--- START ---

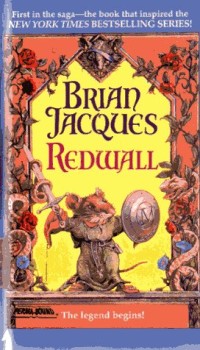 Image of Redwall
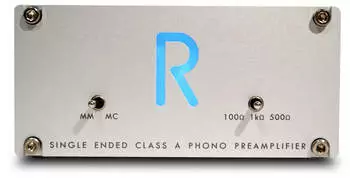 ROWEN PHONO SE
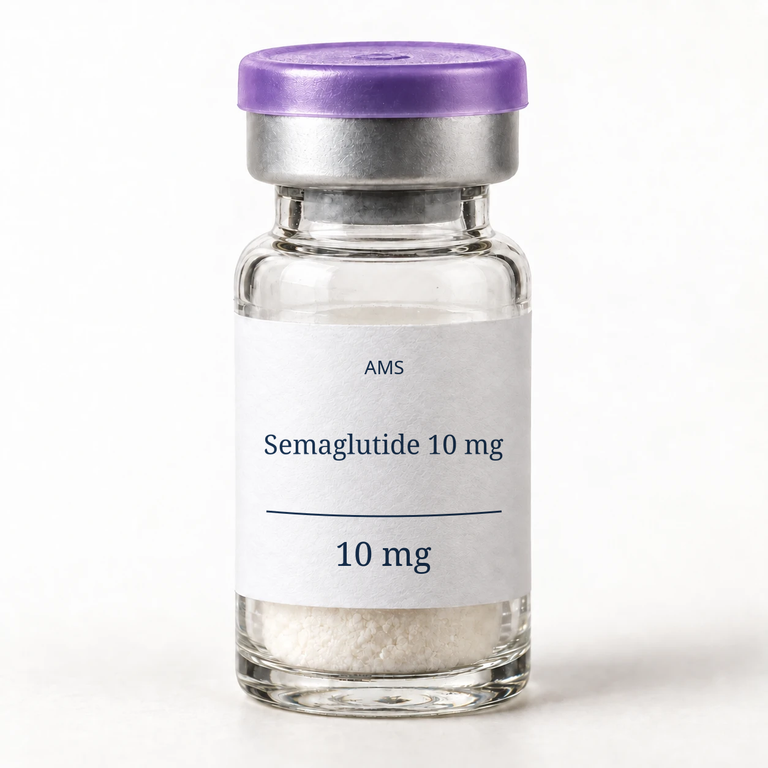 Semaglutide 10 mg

--- END ---
--- START ---

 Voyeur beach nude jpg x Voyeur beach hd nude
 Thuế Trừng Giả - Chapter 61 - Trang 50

--- END ---
--- START ---

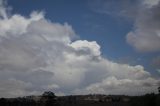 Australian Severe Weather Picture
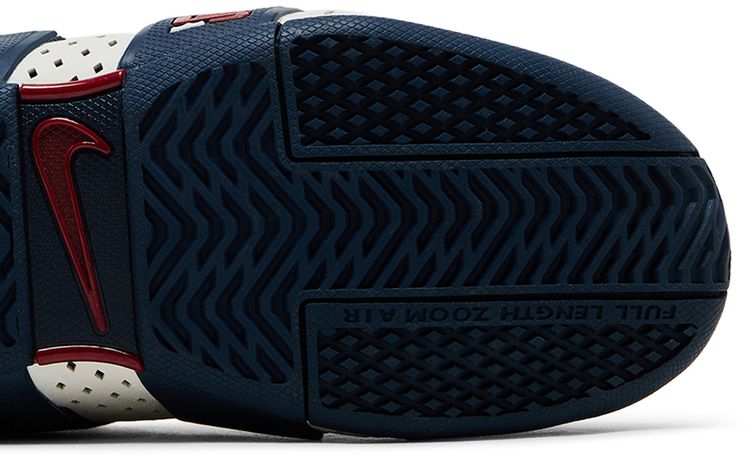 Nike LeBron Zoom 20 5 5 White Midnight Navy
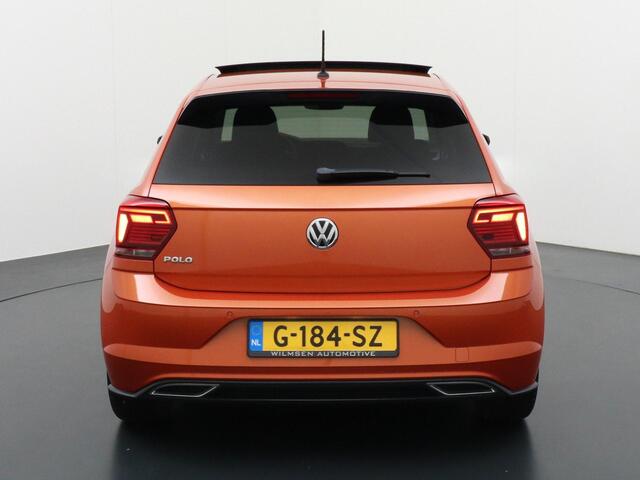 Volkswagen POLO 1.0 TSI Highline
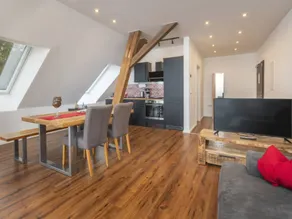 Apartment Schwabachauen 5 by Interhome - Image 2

--- END ---

Leaving all pictures out, output exactly the lines of the material above from the line with "Volkswagen POLO 1.0 TSI Highline" to the line with "Apartment Schwabachauen 5", both included.

- [RESPONSE]:
 Volkswagen POLO 1.0 TSI Highline
 Apartment Schwabachauen 5 by Interhome - Image 2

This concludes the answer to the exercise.